■ Problem to work on
When you reach the line with "One Shoulder Convertible", start repeating the lines exactly and keep going to the end of the records, but drop every picture.

Top of Available data

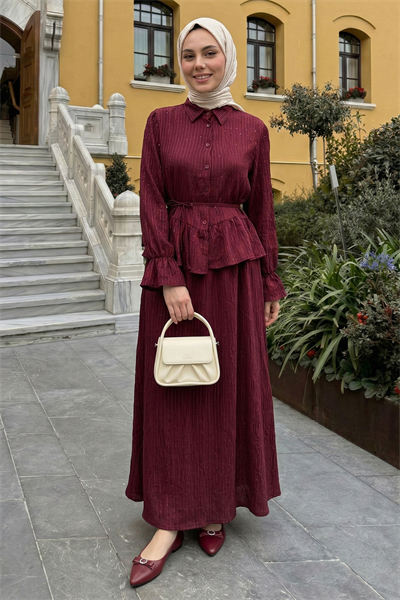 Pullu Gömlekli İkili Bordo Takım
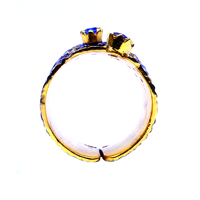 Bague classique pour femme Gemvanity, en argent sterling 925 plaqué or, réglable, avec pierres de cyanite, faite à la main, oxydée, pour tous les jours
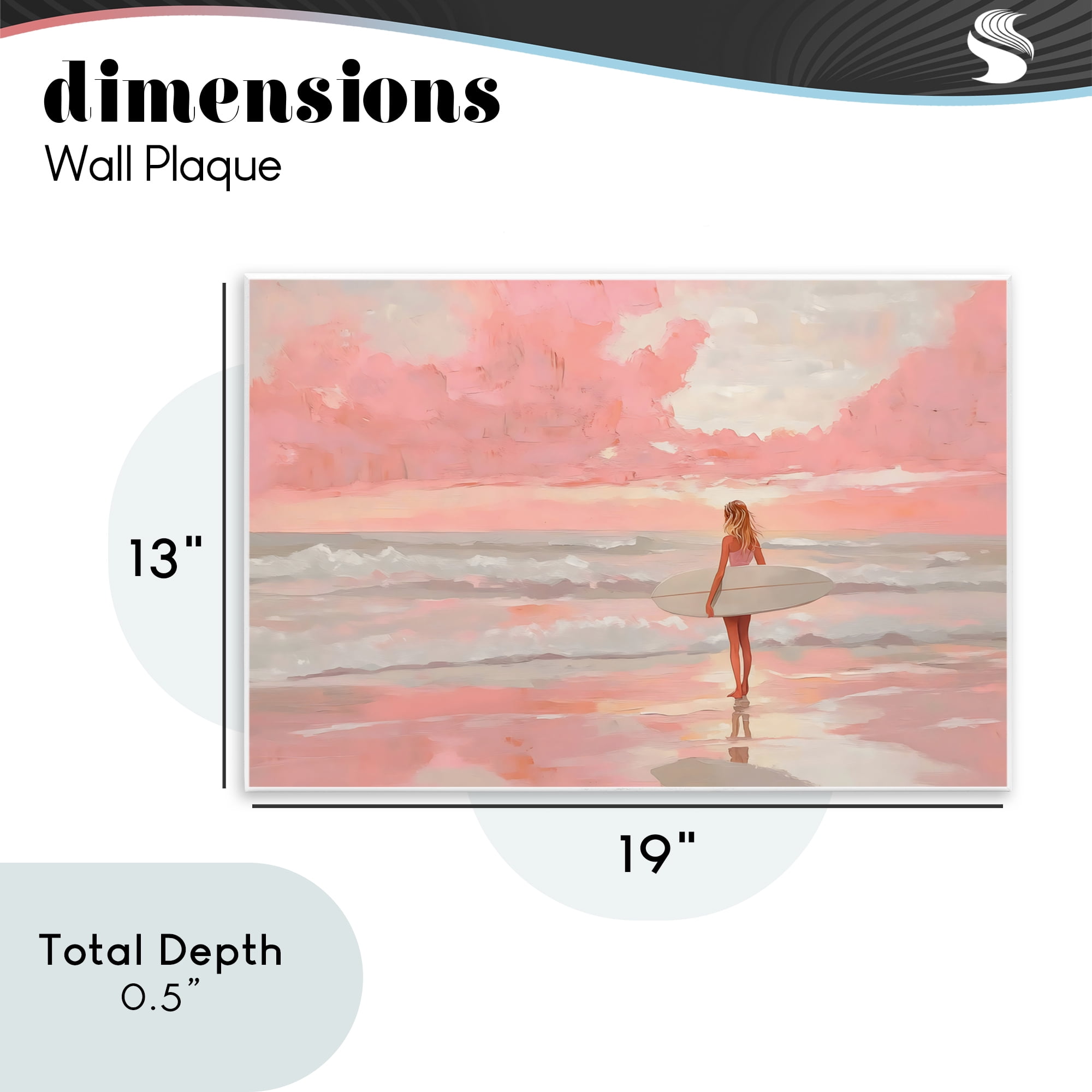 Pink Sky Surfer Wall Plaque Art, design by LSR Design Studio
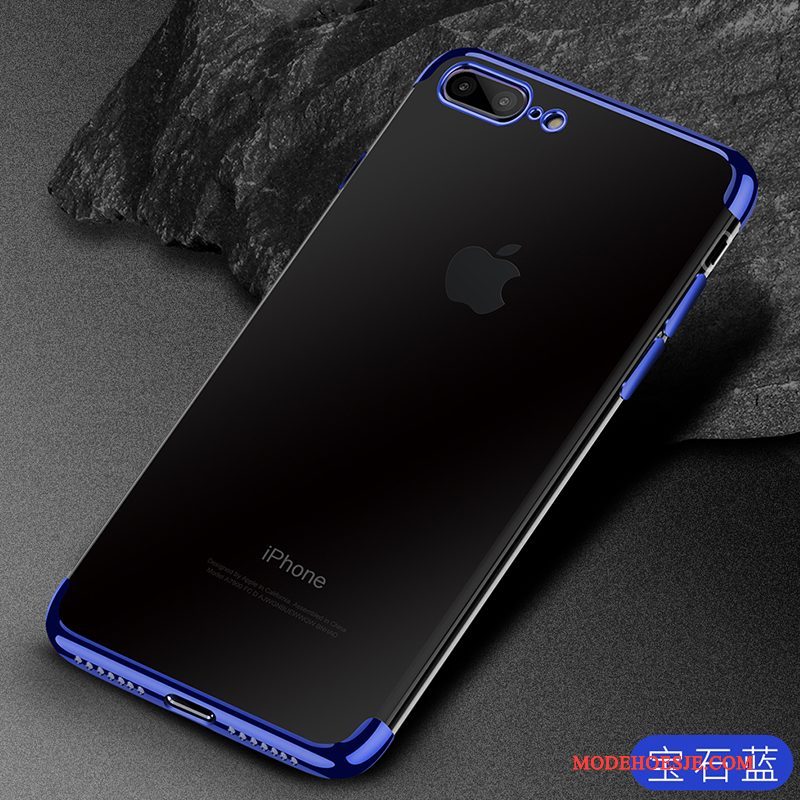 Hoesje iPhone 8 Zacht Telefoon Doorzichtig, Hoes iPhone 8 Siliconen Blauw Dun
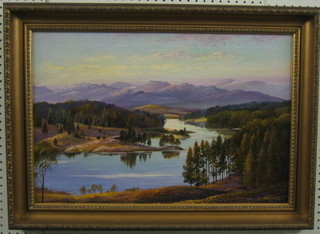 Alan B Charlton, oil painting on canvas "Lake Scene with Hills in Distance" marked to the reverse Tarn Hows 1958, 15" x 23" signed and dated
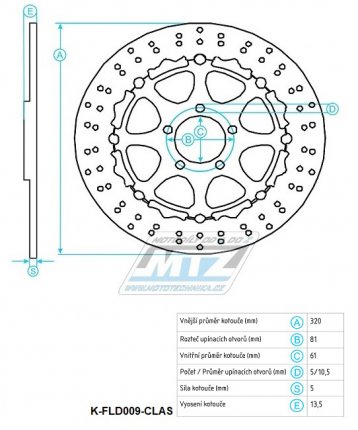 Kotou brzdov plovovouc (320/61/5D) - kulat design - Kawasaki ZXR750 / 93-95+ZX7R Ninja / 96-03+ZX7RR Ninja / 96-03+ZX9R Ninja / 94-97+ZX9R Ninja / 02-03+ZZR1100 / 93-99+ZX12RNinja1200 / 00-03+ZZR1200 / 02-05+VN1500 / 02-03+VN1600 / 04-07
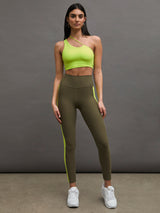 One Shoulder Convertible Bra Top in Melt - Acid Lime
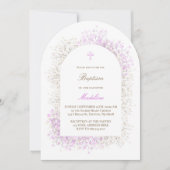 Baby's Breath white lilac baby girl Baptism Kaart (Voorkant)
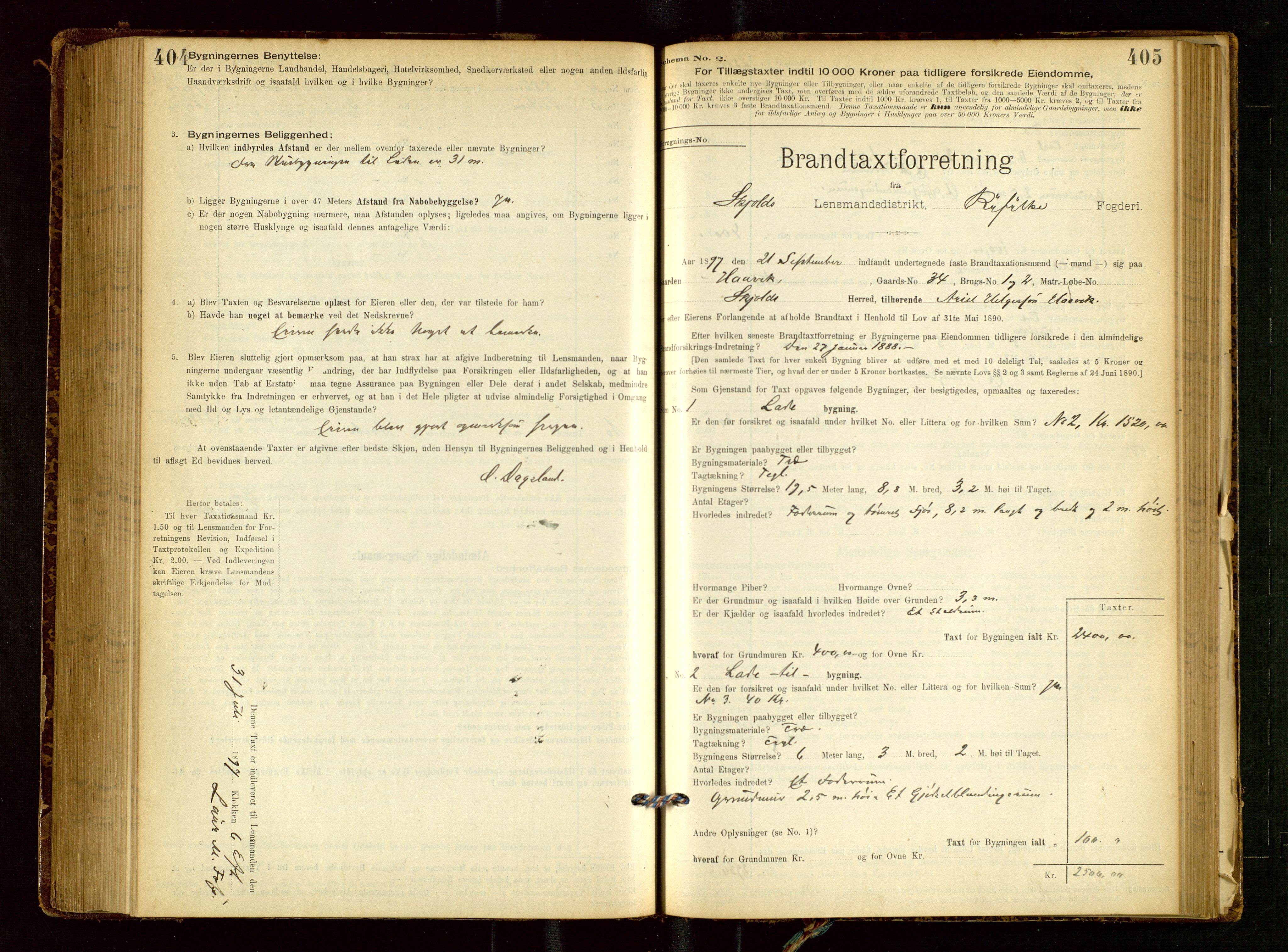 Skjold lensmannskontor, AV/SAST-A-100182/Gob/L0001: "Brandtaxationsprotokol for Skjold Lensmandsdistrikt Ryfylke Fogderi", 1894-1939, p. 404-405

Bottom of Available data

■ Reply
 One Shoulder Convertible Bra Top in Melt - Acid Lime
 Baby's Breath white lilac baby girl Baptism Kaart (Voorkant)
 Skjold lensmannskontor, AV/SAST-A-100182/Gob/L0001: "Brandtaxationsprotokol for Skjold Lensmandsdistrikt Ryfylke Fogderi", 1894-1939, p. 404-405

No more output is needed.